─── Dataset excerpts ───
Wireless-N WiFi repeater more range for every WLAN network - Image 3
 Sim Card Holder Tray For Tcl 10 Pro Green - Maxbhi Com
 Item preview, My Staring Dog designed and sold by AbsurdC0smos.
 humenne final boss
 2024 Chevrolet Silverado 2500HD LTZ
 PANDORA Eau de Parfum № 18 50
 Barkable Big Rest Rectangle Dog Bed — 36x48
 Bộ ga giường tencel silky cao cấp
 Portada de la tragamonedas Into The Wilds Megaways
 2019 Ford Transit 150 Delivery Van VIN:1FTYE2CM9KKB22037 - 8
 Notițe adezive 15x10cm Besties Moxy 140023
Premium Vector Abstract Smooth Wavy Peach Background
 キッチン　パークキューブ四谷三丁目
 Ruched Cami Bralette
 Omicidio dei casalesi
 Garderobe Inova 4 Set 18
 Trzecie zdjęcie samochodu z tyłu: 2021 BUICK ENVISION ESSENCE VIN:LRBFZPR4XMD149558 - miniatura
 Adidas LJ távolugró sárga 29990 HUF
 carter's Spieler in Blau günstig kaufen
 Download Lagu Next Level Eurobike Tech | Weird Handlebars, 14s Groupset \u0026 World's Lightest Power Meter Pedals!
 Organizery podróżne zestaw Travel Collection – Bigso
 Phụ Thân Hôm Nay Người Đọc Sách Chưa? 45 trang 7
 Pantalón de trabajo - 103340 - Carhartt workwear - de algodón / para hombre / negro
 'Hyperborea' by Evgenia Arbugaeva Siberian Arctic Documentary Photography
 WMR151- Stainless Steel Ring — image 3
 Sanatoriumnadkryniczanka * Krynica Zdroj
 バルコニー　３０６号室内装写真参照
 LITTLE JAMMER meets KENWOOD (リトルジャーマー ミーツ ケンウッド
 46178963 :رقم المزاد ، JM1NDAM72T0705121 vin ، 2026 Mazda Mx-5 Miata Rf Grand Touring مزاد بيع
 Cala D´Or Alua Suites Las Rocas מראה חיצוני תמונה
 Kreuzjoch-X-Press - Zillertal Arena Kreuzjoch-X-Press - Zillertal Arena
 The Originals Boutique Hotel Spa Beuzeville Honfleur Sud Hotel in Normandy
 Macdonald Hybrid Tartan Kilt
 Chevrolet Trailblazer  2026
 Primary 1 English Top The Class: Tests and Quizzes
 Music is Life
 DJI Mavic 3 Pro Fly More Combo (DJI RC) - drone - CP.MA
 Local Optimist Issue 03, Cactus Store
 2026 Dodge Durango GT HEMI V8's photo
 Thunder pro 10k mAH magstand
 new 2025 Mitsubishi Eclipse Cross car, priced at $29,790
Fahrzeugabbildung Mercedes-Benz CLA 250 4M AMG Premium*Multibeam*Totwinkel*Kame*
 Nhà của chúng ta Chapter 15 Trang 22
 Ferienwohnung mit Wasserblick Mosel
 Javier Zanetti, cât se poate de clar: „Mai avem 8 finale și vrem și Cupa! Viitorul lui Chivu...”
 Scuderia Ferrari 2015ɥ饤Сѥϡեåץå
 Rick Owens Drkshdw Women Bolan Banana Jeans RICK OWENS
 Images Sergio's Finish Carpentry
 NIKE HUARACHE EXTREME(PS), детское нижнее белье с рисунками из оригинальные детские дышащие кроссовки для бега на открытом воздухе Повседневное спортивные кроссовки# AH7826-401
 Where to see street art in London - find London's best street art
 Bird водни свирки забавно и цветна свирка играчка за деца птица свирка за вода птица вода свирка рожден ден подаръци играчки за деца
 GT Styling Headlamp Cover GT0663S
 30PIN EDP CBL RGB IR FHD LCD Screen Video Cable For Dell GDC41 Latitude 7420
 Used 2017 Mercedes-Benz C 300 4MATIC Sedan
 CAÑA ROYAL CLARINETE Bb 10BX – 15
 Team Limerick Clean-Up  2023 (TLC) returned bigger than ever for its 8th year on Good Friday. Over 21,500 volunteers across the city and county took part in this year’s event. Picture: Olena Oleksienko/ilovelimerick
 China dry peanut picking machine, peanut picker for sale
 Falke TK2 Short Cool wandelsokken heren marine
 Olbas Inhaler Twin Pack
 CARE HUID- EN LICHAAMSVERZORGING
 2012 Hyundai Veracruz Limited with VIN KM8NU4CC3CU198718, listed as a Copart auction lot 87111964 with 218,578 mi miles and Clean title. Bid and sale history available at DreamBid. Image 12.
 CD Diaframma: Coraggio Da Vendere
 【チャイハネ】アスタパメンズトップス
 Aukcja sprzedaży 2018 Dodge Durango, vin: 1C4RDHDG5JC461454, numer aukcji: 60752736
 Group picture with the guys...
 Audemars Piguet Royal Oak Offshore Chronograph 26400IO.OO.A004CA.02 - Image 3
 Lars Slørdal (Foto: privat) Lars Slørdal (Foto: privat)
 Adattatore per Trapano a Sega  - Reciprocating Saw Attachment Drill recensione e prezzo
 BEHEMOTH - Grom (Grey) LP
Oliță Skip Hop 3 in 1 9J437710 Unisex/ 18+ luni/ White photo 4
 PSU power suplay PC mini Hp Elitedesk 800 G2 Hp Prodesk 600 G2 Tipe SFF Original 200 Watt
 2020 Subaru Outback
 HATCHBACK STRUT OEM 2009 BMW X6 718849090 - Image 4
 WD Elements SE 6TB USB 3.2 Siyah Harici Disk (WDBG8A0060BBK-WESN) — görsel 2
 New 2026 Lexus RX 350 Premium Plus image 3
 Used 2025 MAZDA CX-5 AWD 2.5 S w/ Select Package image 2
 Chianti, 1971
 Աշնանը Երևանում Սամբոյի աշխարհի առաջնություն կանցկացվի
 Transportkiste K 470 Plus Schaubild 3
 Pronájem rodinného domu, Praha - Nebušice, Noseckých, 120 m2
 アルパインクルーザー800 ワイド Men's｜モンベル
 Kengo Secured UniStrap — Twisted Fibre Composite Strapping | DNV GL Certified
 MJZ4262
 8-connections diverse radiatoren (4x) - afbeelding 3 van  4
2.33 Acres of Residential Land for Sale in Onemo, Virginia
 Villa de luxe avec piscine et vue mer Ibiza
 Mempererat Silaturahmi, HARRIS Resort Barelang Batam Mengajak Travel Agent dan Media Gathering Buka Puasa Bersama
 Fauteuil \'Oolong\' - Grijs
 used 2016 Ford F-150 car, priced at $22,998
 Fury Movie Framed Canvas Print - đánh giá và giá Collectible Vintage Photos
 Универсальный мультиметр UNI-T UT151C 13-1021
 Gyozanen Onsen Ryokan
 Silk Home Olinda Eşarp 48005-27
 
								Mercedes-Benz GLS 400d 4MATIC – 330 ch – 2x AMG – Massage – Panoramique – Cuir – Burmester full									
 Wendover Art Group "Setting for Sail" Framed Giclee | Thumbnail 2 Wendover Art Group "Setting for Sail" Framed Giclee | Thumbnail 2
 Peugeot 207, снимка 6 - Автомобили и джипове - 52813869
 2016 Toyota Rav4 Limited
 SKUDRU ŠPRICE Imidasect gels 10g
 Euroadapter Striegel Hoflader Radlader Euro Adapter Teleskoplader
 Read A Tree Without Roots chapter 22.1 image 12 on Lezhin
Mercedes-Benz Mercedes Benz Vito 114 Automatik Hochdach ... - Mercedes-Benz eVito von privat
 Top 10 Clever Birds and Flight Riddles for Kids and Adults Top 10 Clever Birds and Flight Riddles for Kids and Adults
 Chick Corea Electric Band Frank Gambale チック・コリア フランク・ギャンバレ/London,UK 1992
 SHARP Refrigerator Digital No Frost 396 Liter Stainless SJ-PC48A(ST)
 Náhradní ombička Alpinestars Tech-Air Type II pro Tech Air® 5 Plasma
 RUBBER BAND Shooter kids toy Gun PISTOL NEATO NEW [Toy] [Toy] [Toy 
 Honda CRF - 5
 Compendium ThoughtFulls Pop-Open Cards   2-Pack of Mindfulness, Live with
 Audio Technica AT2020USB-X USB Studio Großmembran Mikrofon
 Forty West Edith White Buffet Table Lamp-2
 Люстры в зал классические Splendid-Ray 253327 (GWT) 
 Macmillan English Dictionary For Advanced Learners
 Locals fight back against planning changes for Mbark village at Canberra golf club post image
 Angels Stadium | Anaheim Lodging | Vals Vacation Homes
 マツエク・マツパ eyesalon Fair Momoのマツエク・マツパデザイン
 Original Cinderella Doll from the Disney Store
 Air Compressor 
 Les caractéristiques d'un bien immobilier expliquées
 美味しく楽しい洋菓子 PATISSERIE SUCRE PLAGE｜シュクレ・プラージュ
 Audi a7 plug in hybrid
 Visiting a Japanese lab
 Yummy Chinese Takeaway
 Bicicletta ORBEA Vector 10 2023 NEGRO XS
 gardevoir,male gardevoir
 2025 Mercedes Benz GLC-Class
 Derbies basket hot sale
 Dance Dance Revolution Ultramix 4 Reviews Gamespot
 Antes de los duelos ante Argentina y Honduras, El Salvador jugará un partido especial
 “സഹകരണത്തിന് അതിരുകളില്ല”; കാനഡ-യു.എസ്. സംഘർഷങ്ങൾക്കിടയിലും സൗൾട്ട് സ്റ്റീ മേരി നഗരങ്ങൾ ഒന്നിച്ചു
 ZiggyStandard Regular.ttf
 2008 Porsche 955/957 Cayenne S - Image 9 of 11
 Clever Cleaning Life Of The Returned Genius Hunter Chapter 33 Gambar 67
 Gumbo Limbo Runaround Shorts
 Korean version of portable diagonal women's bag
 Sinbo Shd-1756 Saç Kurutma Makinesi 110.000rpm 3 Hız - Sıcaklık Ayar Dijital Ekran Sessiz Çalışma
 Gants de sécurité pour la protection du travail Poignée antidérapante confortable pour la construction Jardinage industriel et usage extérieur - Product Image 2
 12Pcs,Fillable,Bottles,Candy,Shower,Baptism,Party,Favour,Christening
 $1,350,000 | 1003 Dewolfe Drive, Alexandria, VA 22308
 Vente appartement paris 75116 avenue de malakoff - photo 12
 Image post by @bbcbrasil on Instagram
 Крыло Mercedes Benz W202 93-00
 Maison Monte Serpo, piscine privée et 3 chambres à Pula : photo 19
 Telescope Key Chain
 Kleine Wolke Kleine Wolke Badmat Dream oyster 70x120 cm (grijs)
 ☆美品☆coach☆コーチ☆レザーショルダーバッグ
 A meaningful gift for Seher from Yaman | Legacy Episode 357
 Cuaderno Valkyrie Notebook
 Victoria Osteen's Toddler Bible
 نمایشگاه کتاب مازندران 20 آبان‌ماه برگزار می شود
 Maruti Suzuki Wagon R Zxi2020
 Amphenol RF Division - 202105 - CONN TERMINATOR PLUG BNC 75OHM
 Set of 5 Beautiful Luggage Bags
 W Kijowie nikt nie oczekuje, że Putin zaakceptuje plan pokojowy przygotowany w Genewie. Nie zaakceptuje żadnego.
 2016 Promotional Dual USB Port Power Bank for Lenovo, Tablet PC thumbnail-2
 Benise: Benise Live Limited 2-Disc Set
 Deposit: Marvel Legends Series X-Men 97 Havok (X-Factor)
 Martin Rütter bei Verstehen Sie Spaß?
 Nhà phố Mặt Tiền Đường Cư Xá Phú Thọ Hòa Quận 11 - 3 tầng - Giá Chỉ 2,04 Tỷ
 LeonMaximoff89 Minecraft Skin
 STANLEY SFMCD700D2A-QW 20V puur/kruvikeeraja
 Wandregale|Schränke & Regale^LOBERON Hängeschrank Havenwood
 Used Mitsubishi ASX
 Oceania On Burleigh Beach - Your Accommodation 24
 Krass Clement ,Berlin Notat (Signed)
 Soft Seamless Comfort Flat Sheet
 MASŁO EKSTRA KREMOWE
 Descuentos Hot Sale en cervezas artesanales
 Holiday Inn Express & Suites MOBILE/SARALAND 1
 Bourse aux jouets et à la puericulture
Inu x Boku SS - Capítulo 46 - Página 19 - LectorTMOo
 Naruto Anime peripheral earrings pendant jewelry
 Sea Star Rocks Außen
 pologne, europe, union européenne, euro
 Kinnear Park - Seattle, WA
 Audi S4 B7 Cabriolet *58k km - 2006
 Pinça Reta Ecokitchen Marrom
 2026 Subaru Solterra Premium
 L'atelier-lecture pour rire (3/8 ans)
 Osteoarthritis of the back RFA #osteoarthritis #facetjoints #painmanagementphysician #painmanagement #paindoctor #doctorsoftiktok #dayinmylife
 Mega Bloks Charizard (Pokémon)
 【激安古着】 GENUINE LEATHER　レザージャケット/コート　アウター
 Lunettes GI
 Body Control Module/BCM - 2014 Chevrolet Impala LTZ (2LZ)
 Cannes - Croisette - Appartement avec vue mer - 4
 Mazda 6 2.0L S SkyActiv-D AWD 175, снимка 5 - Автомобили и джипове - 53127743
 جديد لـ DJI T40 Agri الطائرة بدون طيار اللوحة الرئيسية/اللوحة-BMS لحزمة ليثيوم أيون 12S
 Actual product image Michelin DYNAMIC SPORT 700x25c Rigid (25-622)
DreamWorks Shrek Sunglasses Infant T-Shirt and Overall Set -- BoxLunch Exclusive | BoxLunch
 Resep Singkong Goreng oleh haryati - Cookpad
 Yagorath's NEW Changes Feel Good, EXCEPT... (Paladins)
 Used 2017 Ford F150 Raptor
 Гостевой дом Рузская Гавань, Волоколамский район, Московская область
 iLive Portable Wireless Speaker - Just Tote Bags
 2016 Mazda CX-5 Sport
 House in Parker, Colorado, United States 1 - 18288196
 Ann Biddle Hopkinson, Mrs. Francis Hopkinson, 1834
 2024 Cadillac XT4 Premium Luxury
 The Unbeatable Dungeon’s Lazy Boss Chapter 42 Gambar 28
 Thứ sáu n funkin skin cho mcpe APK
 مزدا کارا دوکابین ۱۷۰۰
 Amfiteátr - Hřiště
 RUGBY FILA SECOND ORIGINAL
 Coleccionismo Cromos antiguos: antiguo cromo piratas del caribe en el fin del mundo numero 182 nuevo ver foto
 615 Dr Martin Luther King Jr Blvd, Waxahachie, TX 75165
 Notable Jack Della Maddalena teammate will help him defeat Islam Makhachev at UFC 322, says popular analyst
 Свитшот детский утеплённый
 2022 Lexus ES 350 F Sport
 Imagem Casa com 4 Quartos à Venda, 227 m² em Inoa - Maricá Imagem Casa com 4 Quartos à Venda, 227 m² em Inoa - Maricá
───
Task instructions | Only the lines above from the one with "2019 Ford Transit" up to and including the one with "バルコニー　３０６号室内装写真参照" should be repeated, exactly as written.

Response to the task |
 2019 Ford Transit 150 Delivery Van VIN:1FTYE2CM9KKB22037 - 8
 Notițe adezive 15x10cm Besties Moxy 140023
Premium Vector Abstract Smooth Wavy Peach Background
 キッチン　パークキューブ四谷三丁目
 Ruched Cami Bralette
 Omicidio dei casalesi
 Garderobe Inova 4 Set 18
 Trzecie zdjęcie samochodu z tyłu: 2021 BUICK ENVISION ESSENCE VIN:LRBFZPR4XMD149558 - miniatura
 Adidas LJ távolugró sárga 29990 HUF
 carter's Spieler in Blau günstig kaufen
 Download Lagu Next Level Eurobike Tech | Weird Handlebars, 14s Groupset \u0026 World's Lightest Power Meter Pedals!
 Organizery podróżne zestaw Travel Collection – Bigso
 Phụ Thân Hôm Nay Người Đọc Sách Chưa? 45 trang 7
 Pantalón de trabajo - 103340 - Carhartt workwear - de algodón / para hombre / negro
 'Hyperborea' by Evgenia Arbugaeva Siberian Arctic Documentary Photography
 WMR151- Stainless Steel Ring — image 3
 Sanatoriumnadkryniczanka * Krynica Zdroj
 バルコニー　３０６号室内装写真参照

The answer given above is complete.